Provided data:

------------------------------------------------

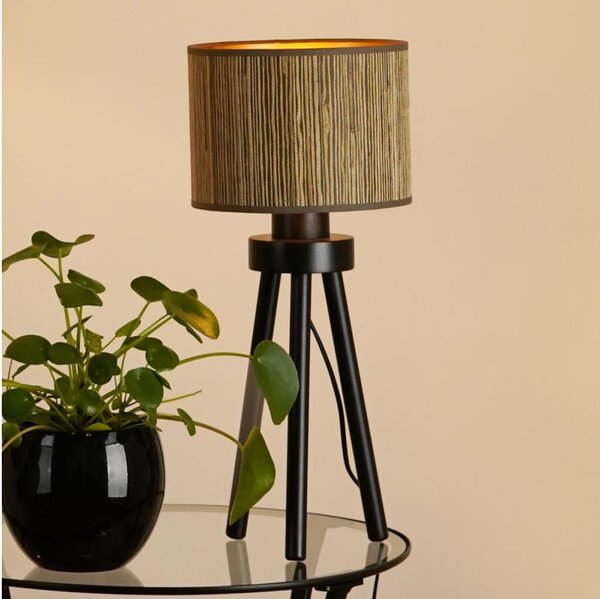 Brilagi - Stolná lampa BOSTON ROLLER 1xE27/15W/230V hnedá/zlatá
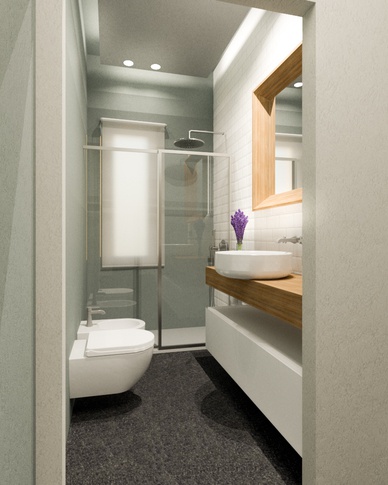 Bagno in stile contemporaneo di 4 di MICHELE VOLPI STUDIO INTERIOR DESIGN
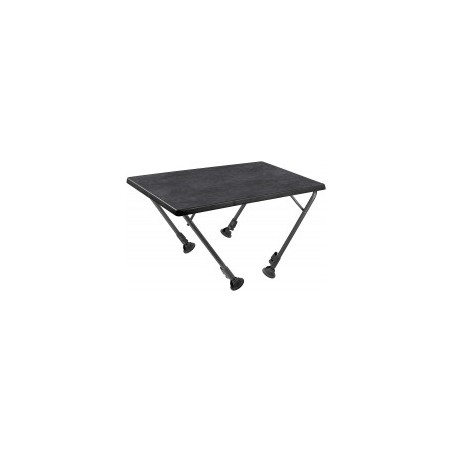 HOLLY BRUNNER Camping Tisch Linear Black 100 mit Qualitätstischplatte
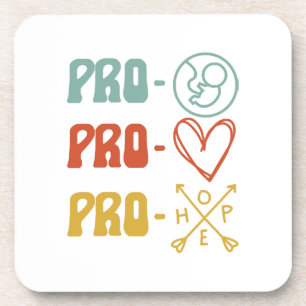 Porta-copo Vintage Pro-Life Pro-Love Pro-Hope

------------------------------------------------

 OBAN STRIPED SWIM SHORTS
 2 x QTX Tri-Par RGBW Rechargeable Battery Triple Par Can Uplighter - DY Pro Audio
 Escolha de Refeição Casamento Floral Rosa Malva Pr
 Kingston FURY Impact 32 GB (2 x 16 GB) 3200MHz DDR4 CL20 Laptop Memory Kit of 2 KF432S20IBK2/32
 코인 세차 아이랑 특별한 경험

------------------------------------------------

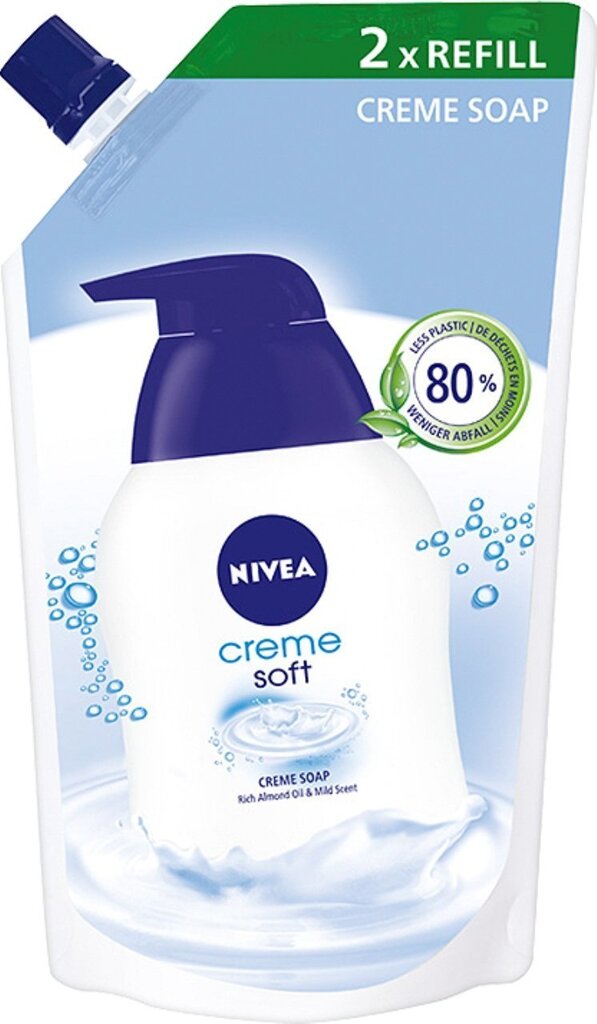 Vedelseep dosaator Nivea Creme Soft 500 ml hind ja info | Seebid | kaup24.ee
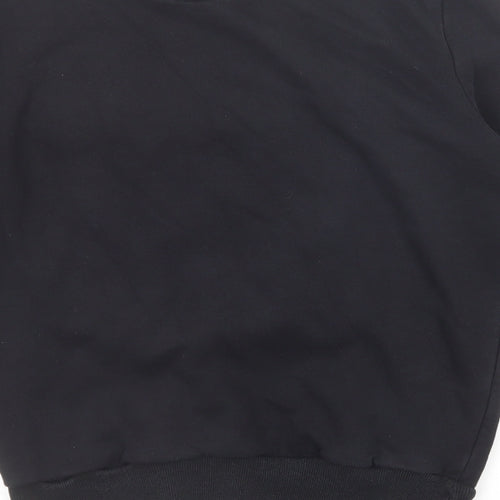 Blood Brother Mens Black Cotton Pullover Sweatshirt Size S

------------------------------------------------

Problem details:
Within the material above, transcribe exactly the lines that run from the line holding "2 x QTX Tri-Par" through the line holding "코인 세차 아이랑 특별한 경험".

Output for this task:
 2 x QTX Tri-Par RGBW Rechargeable Battery Triple Par Can Uplighter - DY Pro Audio
 Escolha de Refeição Casamento Floral Rosa Malva Pr
 Kingston FURY Impact 32 GB (2 x 16 GB) 3200MHz DDR4 CL20 Laptop Memory Kit of 2 KF432S20IBK2/32
 코인 세차 아이랑 특별한 경험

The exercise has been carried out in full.